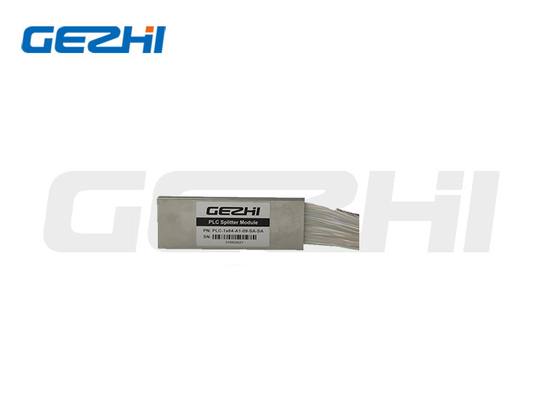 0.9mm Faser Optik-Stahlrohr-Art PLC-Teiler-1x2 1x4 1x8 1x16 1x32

---

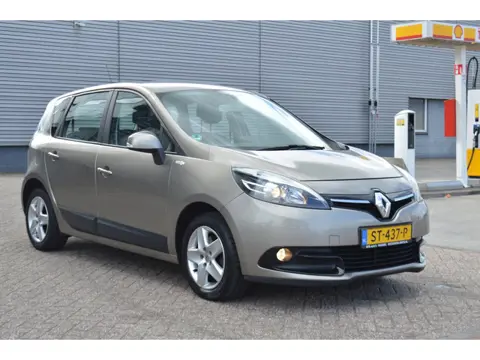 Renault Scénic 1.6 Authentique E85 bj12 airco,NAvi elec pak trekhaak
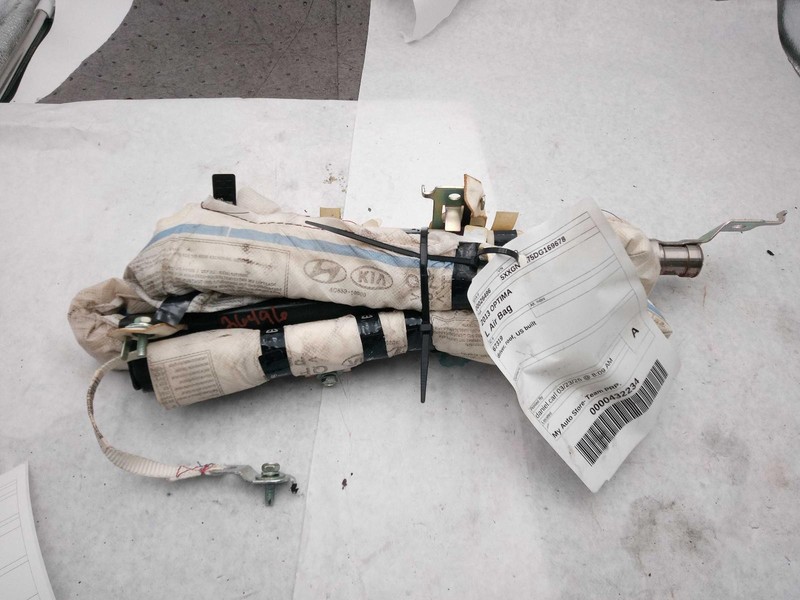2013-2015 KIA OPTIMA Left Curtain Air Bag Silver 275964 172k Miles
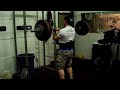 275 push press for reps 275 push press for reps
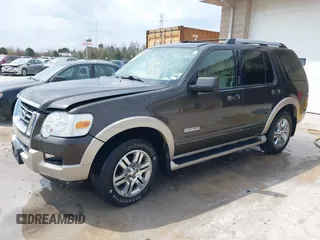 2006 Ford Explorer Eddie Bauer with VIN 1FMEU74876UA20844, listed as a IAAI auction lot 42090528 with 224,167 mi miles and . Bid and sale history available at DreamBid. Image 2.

> [Problem statement] Since the pictures are not part of the copy, please transcribe only the lines above from the one with "Renault Scénic 1.6" through the one with "2006 Ford Explorer", exactly and with both ends.

> [Answer for this exercise]
 Renault Scénic 1.6 Authentique E85 bj12 airco,NAvi elec pak trekhaak
2013-2015 KIA OPTIMA Left Curtain Air Bag Silver 275964 172k Miles
 275 push press for reps 275 push press for reps
 2006 Ford Explorer Eddie Bauer with VIN 1FMEU74876UA20844, listed as a IAAI auction lot 42090528 with 224,167 mi miles and . Bid and sale history available at DreamBid. Image 2.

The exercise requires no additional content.